● Exercise prompt
From the entries below, write out exactly the lines between the line holding "20250715_234833.jpg" and the line holding "Beautiful rose photo", inclusive, excluding any pictures.

Data shown Block Start

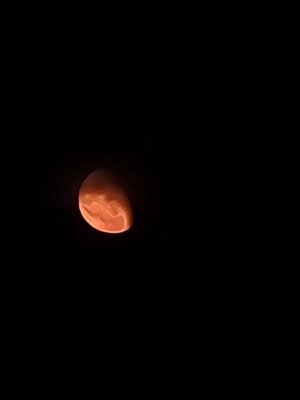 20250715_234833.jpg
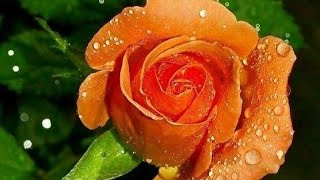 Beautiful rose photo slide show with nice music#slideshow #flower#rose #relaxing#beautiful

Data shown Block End
Data shown Block Start

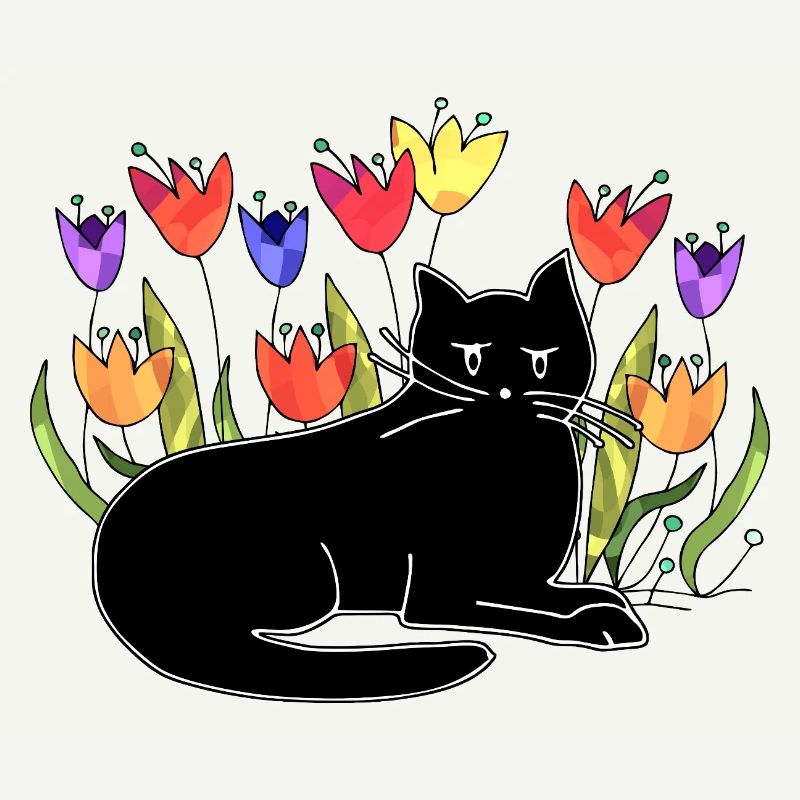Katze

Data shown Block End

● Exercise solution
 20250715_234833.jpg
 Beautiful rose photo slide show with nice music#slideshow #flower#rose #relaxing#beautiful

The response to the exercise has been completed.